This sales training video teaches how the business insights you present are now put into the prospect's or client's world through questions. How do those insights compare to their experience?
- One of the keys to avoiding an interrogation session is understanding that we have to earn the right to ask questions. In my experience, salespeople sometimes feel that the prospect knows that they have to ask a lot of questions, so it's okay to just jump into those pretty quickly. To some extent, yes, people do understand that there will be some questions asked on a sales call. But how likely are they going to be to answer your questions if they don't feel that you're going to bring them value? Think of it this way, if you were to walk into a department store looking for a new suit and you're greeted at the door by someone who says, "Hi, my name's Jeff, what's your height and weight? "What's your favorite color? "How much are you planning on spending at the store today?" et cetera, how likely are you to want to answer their questions or even shop at the store? See, those questions might be appropriate at some point, but not until you're comfortable with the person and the environment, and you're sure that they're not going to try to sell you something that you don't feel that you need or want.

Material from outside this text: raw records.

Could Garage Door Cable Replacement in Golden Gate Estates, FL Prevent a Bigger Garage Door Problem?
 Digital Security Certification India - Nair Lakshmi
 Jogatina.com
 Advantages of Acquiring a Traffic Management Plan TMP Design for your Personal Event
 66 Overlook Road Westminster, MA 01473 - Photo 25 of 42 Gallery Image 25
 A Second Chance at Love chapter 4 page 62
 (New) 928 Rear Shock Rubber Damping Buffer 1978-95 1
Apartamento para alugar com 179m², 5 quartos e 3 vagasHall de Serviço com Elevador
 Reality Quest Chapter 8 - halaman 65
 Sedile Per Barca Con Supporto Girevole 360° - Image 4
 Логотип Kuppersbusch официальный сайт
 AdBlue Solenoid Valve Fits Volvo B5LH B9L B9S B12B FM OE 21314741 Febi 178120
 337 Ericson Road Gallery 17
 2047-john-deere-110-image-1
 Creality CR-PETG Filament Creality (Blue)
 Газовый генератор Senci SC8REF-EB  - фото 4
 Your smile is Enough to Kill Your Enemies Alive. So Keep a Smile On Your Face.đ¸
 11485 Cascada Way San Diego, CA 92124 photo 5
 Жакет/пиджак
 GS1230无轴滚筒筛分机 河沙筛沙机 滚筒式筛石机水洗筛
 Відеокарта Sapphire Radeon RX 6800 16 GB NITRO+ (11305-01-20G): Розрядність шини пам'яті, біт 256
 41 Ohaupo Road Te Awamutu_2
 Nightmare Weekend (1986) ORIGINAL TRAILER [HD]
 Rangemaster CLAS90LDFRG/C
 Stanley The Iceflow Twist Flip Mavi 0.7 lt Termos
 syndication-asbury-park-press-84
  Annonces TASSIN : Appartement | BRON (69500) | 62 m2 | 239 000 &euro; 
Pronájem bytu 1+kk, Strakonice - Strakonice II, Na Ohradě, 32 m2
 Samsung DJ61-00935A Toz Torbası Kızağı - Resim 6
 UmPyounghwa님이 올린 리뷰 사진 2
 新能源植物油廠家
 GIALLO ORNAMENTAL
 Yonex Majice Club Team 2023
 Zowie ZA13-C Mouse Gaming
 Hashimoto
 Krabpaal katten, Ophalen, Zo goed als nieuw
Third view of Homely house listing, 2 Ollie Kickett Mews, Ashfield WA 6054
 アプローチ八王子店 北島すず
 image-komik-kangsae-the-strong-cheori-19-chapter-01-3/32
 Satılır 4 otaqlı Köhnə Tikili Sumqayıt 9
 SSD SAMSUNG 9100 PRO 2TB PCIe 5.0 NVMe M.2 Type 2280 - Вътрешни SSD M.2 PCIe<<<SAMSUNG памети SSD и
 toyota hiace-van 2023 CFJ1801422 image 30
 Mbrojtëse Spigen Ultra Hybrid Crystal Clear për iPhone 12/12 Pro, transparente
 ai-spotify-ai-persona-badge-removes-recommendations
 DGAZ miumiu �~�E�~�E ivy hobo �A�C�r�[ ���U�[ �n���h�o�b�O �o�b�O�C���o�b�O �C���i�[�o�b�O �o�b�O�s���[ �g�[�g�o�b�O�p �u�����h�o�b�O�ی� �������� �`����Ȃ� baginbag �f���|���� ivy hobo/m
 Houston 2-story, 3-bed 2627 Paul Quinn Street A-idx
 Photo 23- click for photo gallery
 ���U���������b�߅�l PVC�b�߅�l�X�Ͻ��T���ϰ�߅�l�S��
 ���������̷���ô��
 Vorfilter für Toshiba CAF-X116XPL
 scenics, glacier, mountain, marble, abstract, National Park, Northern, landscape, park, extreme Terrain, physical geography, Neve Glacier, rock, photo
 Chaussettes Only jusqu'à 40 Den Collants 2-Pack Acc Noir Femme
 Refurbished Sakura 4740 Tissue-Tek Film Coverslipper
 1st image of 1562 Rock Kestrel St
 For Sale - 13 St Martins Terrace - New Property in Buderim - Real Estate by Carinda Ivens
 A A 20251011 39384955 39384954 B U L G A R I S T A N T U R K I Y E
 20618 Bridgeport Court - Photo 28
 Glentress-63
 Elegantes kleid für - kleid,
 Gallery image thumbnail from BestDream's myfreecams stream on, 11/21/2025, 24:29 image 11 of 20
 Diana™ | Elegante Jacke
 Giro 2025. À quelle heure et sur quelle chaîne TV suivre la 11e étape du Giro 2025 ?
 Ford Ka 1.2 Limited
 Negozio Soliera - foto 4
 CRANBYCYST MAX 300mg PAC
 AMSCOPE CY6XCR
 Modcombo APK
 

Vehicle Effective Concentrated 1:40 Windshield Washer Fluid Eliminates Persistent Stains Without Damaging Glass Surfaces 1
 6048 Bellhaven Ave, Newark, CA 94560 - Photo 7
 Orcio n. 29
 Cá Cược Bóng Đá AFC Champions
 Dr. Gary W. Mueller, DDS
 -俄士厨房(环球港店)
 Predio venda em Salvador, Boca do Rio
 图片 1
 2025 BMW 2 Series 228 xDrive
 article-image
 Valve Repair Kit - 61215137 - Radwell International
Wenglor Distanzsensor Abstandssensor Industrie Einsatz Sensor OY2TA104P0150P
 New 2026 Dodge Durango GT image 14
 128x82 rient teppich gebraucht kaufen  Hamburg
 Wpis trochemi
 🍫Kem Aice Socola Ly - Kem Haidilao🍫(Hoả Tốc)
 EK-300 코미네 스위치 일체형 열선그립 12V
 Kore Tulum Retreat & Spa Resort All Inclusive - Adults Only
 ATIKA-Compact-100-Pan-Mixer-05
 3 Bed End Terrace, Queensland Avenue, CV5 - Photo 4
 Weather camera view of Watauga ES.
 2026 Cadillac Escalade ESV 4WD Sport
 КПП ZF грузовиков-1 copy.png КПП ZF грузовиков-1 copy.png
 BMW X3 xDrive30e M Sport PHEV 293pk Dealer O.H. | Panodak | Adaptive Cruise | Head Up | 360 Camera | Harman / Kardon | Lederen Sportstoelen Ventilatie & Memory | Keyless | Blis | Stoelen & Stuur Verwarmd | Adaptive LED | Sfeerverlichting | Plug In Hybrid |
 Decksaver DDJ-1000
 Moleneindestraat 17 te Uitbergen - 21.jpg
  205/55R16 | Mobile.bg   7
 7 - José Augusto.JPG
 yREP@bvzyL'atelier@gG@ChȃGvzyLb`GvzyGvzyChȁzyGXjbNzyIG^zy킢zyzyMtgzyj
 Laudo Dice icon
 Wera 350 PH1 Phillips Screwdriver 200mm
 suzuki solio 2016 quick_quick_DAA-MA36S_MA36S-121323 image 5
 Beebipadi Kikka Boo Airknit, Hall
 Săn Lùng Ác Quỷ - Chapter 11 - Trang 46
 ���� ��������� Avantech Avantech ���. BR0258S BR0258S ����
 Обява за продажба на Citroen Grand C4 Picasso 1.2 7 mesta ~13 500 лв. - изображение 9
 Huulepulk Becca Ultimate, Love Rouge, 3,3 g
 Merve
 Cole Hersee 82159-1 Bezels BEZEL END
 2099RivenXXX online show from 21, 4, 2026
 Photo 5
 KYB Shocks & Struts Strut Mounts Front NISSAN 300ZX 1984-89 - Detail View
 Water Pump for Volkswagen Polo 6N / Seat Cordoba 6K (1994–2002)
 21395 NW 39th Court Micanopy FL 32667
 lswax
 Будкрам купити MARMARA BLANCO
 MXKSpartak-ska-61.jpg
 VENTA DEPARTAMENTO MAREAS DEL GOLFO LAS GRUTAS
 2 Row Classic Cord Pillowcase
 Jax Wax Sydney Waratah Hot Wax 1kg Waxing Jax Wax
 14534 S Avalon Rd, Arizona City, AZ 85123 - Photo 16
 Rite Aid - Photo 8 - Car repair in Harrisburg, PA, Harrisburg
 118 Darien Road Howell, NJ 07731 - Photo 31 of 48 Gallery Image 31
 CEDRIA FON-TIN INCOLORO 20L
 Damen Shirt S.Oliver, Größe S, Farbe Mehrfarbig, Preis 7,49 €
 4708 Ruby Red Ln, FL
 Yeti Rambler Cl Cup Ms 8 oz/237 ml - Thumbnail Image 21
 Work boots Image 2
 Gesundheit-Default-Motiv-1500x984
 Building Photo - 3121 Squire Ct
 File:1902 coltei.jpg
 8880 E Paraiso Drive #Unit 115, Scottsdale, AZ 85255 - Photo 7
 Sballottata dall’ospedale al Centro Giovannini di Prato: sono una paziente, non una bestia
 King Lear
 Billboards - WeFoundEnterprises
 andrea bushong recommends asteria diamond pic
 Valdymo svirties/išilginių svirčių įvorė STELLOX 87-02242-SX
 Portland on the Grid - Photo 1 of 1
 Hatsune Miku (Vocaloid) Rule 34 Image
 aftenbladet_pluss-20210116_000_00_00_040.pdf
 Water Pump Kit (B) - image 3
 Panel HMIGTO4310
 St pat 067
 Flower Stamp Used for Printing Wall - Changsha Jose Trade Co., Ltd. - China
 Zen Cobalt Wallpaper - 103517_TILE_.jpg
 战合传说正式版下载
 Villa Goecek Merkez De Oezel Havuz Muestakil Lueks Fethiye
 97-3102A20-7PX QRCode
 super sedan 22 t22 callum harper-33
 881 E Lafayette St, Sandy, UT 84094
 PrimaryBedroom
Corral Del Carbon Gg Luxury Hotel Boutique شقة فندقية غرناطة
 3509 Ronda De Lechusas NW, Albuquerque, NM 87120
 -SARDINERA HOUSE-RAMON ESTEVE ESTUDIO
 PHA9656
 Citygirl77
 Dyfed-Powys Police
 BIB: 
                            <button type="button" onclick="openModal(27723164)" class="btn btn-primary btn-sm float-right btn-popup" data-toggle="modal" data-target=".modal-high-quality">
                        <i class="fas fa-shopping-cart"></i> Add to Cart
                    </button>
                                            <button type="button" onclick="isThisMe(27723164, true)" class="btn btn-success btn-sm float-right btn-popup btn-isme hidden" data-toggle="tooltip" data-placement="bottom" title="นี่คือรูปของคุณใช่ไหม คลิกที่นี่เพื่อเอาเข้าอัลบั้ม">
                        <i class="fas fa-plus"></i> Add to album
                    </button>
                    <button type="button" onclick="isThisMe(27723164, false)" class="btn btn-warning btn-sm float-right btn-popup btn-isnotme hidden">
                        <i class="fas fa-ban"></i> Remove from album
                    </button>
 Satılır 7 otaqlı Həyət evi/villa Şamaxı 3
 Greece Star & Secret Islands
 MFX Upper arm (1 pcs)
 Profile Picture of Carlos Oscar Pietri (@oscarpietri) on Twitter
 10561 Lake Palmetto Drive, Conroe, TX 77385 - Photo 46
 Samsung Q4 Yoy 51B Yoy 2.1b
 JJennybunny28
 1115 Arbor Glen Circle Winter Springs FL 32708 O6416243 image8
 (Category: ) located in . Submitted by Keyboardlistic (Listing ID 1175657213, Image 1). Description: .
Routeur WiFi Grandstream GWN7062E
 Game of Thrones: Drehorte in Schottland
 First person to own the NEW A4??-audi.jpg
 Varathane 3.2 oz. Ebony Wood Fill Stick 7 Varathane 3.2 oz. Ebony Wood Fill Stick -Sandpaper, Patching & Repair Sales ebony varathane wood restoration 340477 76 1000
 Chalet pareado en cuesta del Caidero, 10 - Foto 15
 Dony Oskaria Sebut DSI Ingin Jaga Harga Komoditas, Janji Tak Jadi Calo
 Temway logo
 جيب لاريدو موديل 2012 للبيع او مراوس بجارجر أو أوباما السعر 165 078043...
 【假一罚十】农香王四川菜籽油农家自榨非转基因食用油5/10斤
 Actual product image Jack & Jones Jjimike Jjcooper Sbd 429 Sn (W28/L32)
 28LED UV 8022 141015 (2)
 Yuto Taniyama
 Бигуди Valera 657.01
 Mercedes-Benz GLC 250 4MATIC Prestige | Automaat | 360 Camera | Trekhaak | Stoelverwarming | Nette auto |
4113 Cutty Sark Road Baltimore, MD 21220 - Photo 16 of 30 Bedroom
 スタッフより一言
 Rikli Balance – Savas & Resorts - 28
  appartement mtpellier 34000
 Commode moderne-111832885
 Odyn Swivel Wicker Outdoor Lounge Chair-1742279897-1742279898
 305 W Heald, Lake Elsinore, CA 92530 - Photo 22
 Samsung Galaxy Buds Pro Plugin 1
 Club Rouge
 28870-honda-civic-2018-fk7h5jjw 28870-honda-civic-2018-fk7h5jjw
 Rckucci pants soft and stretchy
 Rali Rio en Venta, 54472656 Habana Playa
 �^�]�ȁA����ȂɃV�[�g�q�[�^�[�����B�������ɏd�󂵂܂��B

So how do we gain the right to ask questions? Well, now that you know the value providing insight, which are these relevant pieces of information that you're going to provide your prospect that are or should be of interest to them and their business, and this isn't just spouting off facts, but rather building a narrative around three poignant insights that can help shake their status quo, these are now used as the basis for your sales questions. Well, why is that? Well, great use of insights provides us with the right to ask questions.
If we situate ourselves as someone who is bringing value to the business meeting, we can start to ask questions because we have the right. So how do we do it? If I have an insight that in a recent study 89% of your buyers surveyed felt that their interactions with salespeople brought no commercial value, then I can turn that sort of insight into a provocative question. We could very easily just ask a question of how their situation compares with that. For instance, I could say, "Tell me, Mr. Smith, "in your interactions with your prospects, "what have been their reactions to salespeople?" Or I could ask, "How is your experience in comparison "with this nationwide survey?" The key is that I have provided an insight that is of interest to them and specific to their business, so now I have an opportunity to ask questions on a topic of interest.
The likelihood of getting better and more complete answers from a prospect is so much more higher than it would have been otherwise. The key is to use your insight to ask a provocative question around an area that not only interests your buyer, but is a problem area that you can eventually help them solve. Sound easy? Well, it is. The real key is the preparation you did ahead of time to provide meaningful insights. The other benefit to this is the fact that you get to prepare your questions ahead of time, something that isn't easy to do without making it sound like prerehearsed questions that you ask every prospect.
Okay, so your homework. Create three to four questions based around each of your insights. This should give you 10 or so questions to ask that will come across as part of a conversation rather than an interrogation.